Anderson has set herself the goal of having gallery representation within the next three years, and she is hopeful this award will help her achieve that goal.
“This grant will be tremendously helpful to cover the costs of studio expenses as I continue to make more work,” she said. “The exhibition at the Museum of Sonoma County is an exciting opportunity to exhibit brand new work that has never been shown alongside other notable artists in this county.
“(I want to) to continue making paintings that have a strong impact on people,” concluded Anderson.
Kurnick, 33, also moved to Windsor in 2017, eight days before the fires.
“As utterly devastating as the fires were, I was awestruck by the outpourings of care I witnessed in their aftermath,” she remembered. “At first, I felt terrified about the move I'd just made, but my fear was quickly replaced with a deeper love and appreciation for the local community than I ever expected to find.”
Kurnick has ben writing poetry since she was 15, and started attending open mic readings at 17.
“Creating poetry is a process that allows me to explore concepts or feelings that, at first, I feel I can’t explain using words. Unless I’m writing a poem in a prescriptive poetic form, I expect that each new piece I write will require me to find a new form to express it,” she said. “As for a recognizable form, I love the villanelle — it requires a lot of line repetition, which can have a beautiful interplay with the content in a poem. I've written a villanelle about the pattern of salmon migration and a series of villanelles about an infatuation and the intrusive obsessive thoughts it caused.”
However, her writing prowess isn’t just about poetry, as she also dabbles in “creative non-fiction ... live storytelling a la The Moth, I've done some standup comedy, and last year, I created a Powerpoint presentation on Sonoma County's 19th-century faith healer Madame Emily Preston.”
Her contest submission, which was a 20-page sample of her work, encompassed several of these genres, but it was her poetry that captured the jury’s attention.

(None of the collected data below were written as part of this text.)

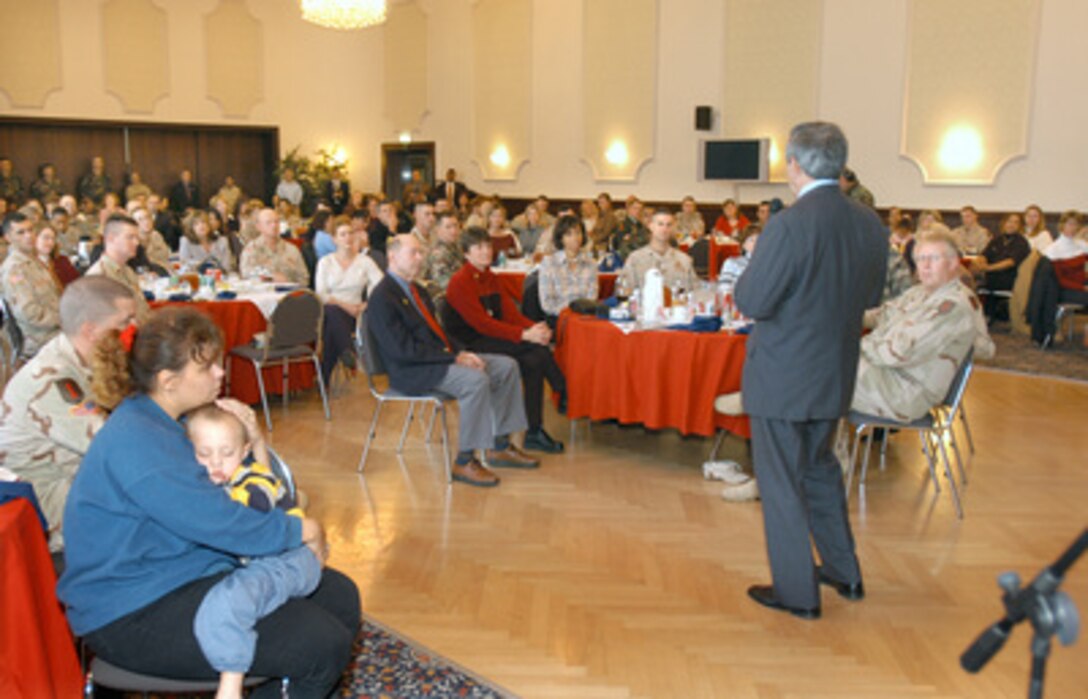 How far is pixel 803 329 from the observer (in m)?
3.34

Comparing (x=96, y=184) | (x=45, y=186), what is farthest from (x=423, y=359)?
(x=96, y=184)

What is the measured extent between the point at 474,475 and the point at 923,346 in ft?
7.62

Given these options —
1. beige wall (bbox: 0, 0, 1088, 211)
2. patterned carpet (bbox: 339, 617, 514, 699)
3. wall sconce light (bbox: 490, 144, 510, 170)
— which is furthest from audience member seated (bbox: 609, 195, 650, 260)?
wall sconce light (bbox: 490, 144, 510, 170)

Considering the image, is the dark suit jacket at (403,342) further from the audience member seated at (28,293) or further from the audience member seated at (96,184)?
the audience member seated at (96,184)

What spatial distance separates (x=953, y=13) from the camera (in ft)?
38.4

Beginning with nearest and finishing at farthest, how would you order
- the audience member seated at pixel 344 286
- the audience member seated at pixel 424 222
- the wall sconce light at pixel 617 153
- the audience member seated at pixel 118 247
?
the audience member seated at pixel 118 247 → the audience member seated at pixel 344 286 → the audience member seated at pixel 424 222 → the wall sconce light at pixel 617 153

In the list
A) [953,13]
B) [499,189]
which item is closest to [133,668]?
[953,13]

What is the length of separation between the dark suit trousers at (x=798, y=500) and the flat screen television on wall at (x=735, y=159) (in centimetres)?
1056

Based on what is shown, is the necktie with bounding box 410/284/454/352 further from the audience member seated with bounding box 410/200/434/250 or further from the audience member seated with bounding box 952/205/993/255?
the audience member seated with bounding box 952/205/993/255

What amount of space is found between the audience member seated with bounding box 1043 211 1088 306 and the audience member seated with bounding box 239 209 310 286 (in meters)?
7.08

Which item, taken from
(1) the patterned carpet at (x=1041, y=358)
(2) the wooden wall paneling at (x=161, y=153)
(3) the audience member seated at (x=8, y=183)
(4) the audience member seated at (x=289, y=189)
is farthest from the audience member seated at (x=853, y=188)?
(2) the wooden wall paneling at (x=161, y=153)

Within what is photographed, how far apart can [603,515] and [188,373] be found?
2739 mm

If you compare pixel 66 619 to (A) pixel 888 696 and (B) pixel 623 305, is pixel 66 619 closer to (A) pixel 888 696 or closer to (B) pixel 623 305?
(A) pixel 888 696

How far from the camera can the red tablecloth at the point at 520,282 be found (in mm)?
8219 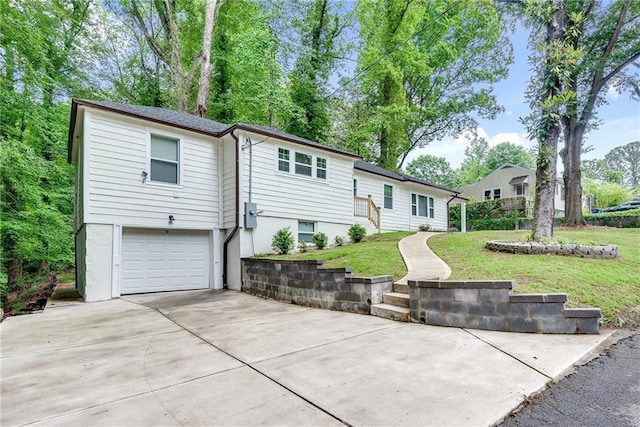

“In assembling my submission, I wanted to capture the breadth of styles in which I write, but also to show that I have a developed, singular voice,” Kurnick said. “I find that my work tends to be about longing and loss, sometimes personal and sometimes global in scope; she writes of messy partnerships and humankind’s tenuous relationship to the material world we inhabit.
“That said, I do think about the reader as I'm writing, and I don't want my work to just be a bummer. When a writer can articulate something that felt ineffable, I find that fulfilling and sometimes joyful, even if the experience being articulated is, itself, painful,” she finished.
Kurnick has been a producer of arts events throughout the county, and hopes to continue to do so, along with bringing in PowerPoint presentations for entertainment purposes, something being done in New York, Los Angeles and San Francisco. She also hopes to teach creative writing classes through Creative Sonoma as well as doing some “generative writing workshops” with the LGBTQIA community at Positive Images, where she is the vice chair of the Board of Directors.
But, she is buoyed by the fact that this award affirms her skills and talent as an artist.
“Winning this award is a tremendous honor for me. I've always regarded myself as a curator as much as an artist in my own right; this award is affirming of my talent and potential as an artist,” she said. “The money affords me time to focus on creating new work and also to set up a personal website. The group exhibition at the Art Museum of Sonoma County is a career milestone for me.”
Though she was a Windsor resident at the time of the contest and submission, Kurnick has recently had to relocate to Santa Rosa, though she says Windsor is still a place of inspiration and enjoyment for her.